Gleichwertigkeit von Verlesen und Selbstlesen
Der Gesetzgeber hat dem 5. Strafsenat zufolge der Urkundenverlesung keinen Vorrang gegenüber dem Selbstlesen eingeräumt. Nur gesetzestechnisch liege eine Ausnahme von der Verlesung vor; sachlich gesehen seien beide Einführungsmethoden gleichwertig. Die Karlsruher Richter beziehen sich dabei auf die Gesetzesbegründung, die ausdrücklich von der Wahl zwischen zwei gleichwertigen Arten der Beweismitteleinführung spreche. Das Selbstleseverfahren biete auch Vorteile, so könne man beim Lesen das Tempo selbst bestimmen, vor- und zurückblättern, Passagen erneut lesen oder Ähnliches. Außerdem werde die Hauptverhandlung regelmäßig verkürzt, da auch außerhalb derselben gelesen werden könne.
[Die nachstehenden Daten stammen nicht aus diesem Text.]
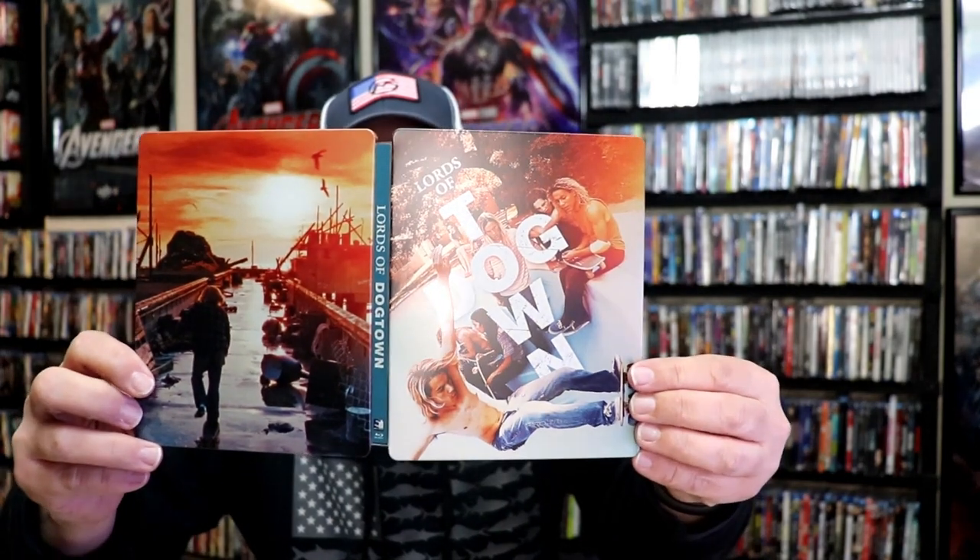Really nice looking Steelbook from Walmart and Mill Creek Entertainment. I'm really happy to have this one in the collection. Now, I've never seen this movie before. I've heard some really good things about it. My kids, when they were growing up, they were really big into skateboarding. So hopefully they'll want to check this one out, too.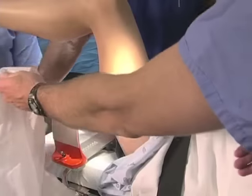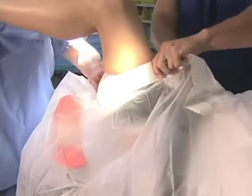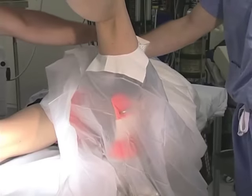Finally, a plastic drape is affixed to the patient's thigh so that the preparation solution does not drip up and under the tourniquet.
Verteidigungsmöglichkeiten würden nicht beschränkt, denn der Angeklagte könne auch in diesem Verfahren sein Erklärungsrecht nach § 257 StPO wahrnehmen.
Widerspruch gegen das „Wie“ oder das „Ob“ der Einführung
Die Möglichkeit, nach § 249 Abs. 2 Satz 2 StPO durch einen Widerspruch auf die Anordnung des Selbstleseverfahrens Einfluss auszuüben, könne sich einzig und allein auf die Wahl der Methode zur Einführung der Urkunde in das Verfahren beziehen. Dieser Widerspruch sei von einem Verwertungswiderspruch gegen die Einführung der Urkunden an sich zu unterscheiden.
zu BGH, Beschluss vom 11.11.2020 – 5 StR 197/20
Redaktion beck-aktuell, 5. Jan 2021.